I think that's right, it doesn't help that we use the same letter for everything ! I think others have used $\vec{\omega}$ to refer to the rigid body/spin angular velocity. I.e. the angular velocity measured wrt an inertial coordinate system of any two chosen points on a rigid body. So it could be the angular velocity of a point on the rigid body about the centre of mass, or just two other arbitrarily chosen points on the body.

This is as opposed to an orbital angular velocity of a centre of mass wrt an inertial coordinate system. But I'm not sure if this second type is too important.

 

[vanhees71]

have you taken into account that in your last formula $V'=\omega'$ for the case under consideration?

Ok, I've overlooked this.
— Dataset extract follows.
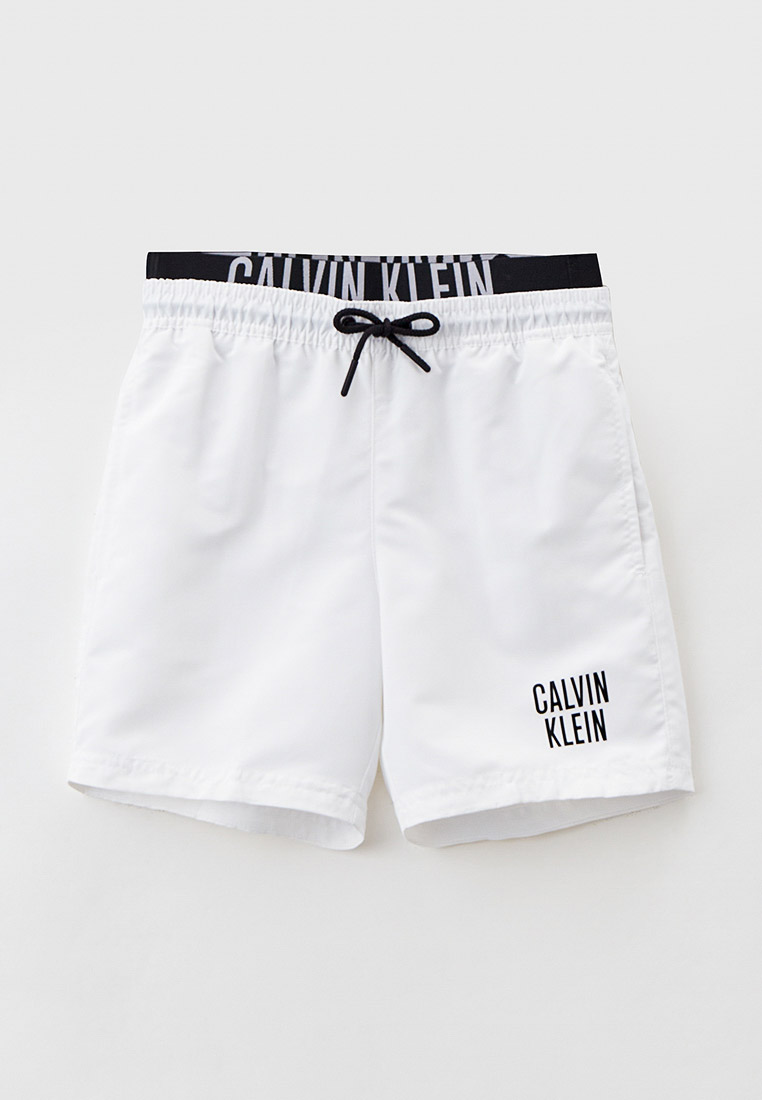 Плавки Calvin Klein (Кельвин Кляйн) Шорты для плавания Calvin Klein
Then you are right of course, because trivially $\underline{\omega}' \times \underline{\omega}'=0$. Sorry for that!

 

[etotheipi]

Assume we have two coordinate frames: the frame I and the frame II, and we also have a rigid body.
Let the angular velocity of the frame II relative to the frame I be $\boldsymbol \omega_1$
let the angular velocity of the rigid body relative to the frame II be $\boldsymbol \omega_2$
let the angular velocity of the rigid body relative to the frame I be $\boldsymbol \omega$

THEOREM: $\boldsymbol \omega=\boldsymbol \omega_1+\boldsymbol \omega_2.$

Ah, okay I see now.

For the gyroscope, the axle frame rotates at $\vec{\Omega} = \Omega_z \hat{z}$ wrt the lab frame and the angular velocity of the flywheel wrt the rotating frame is $\vec{\omega} = \omega_{x'} \hat{x'}$, so then the angular velocity of the flywheel wrt the inertial frame is $\vec{\Omega} + \vec{\omega}$. So if we let $I_o$ be the moment of inertia matrix computed at the origin of the lab frame, the total angular momentum is $$\vec{L} = I_o(\vec{\Omega} + \vec{\omega})$$ which I'm assuming (!) is equivalent to $$\vec{L} = I_1 \vec{\Omega} + I_2\vec{\omega}$$ if $I_1$ is the moment of inertia of the COM wrt the origin of the inertial frame and $I_2$ is the moment of inertia of the body wrt the COM.

Whilst this doesn't seem to work for the Earth scenario. Assuming both rotations occur about the $z$ direction, $\vec{\Omega} = \omega_{year} \hat {z}$ and $\vec{\omega} = \omega_{day} \hat {z}$. But we can't add these now because the second frame is translating. Is this sort of correct?